Learn why Two Sigma standardized on our optimization solution to scale their research efforts. Read More

$\def\gg{\mathbf{g}} \def\xx{\mathbf{x}} \def\yy{\mathbf{y}} \def\mD{\mathbf{D}} \def\mG{\mathbf{G}} \def\mW{\mathbf{W}} \def\mX{\mathbf{X}} \def\mY{\mathbf{Y}} \def\sgn{\mathrm{sgn}} \def\RR{\mathbb{R}} \def\cD{\mathcal{D}} \def\cF{\mathcal{F}} \def\cN{\mathcal{N}} \def\cO{\mathcal{O}} \def\cS{\mathcal{S}} \DeclareMathOperator*{\argmin}{argmin} \DeclareMathOperator*{\argmax}{argmax} \DeclareMathOperator{\me}{e}$

# Clustering Applied to Acquisition Functions

All Model Types, Modeling Best Practices

Bayesian optimization of some function $$f$$ is powered by two key components:

• a probabilistic surrogate model which encapsulates the understanding of $$f$$ given the data that has been observed, and
• an acquisition function, which assigns a sense of benefit to sampling at a future location and which is maximized to identify subsequent suggested evaluation points.

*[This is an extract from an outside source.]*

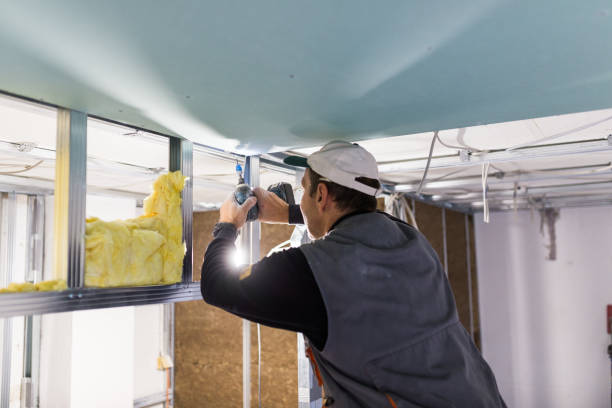 Best Insulation Installation Services in Lindon, UT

Many different surrogate models exist (including Gaussian processesrandom forests,kernel density estimationneural networks, among others) and many different acquisition functions exist (including probability of improvementexpected improvementknowledge gradiententropy searchupper confidence bound, among others).

This blog post discusses recent advances in interpreting the upper confidence bound acquisition function (abbreviated below as UCB) from a geometric perspective. In particular, this post is an abbreviated version of an article I will be presenting on Tuesday, April 17 at ICASSP 2018 in Calgary. I hope that anyone attending this conference who is interested will join the Probabilistic Models session (MLSP-P2) at 1:30pm.

## Upper Confidence Bound

The Upper Confidence Bound1 (UCB) acquisition function balances exploration of the function $$f$$ and exploitation of the current state of the surrogate model. In the simplest case, we assume that the surrogate mdoel is a Gaussian process, meaning that the UCB can be written as

$$a(\xx) = -(\mu(\xx) – \kappa\sigma(\xx))$$

where $$\mu(\xx)$$ and $$\sigma^2(\xx)$$ are the mean and variance of the surrogate model. The value $$\kappa$$ is a free parameter which can be chosen so as to enforce a specific balance between exploration (high $$\sigma$$) and exploitation (low $$\mu$$). Assuming the current data $$\cD_n$$ is used to generate the surrogate model and, consequently, the UCB function $$a(\xx;\cD_n)$$, the $$n+1$$th point to evaluate would be determined by

$$\xx_{n+1} = \argmax_{\xx} a(\xx;\cD_n).$$

At this point, it helps to consider a specific example. Suppose that we are given

$$f(\xx) = 1 – \sqrt{x_1 x_2} \sin (x_1) \sin (x_2)$$

where $$\xx = \begin{pmatrix}x_1\\x_2\end{pmatrix}$$ is two-dimensional vector. A contour plot is presented in the figure below.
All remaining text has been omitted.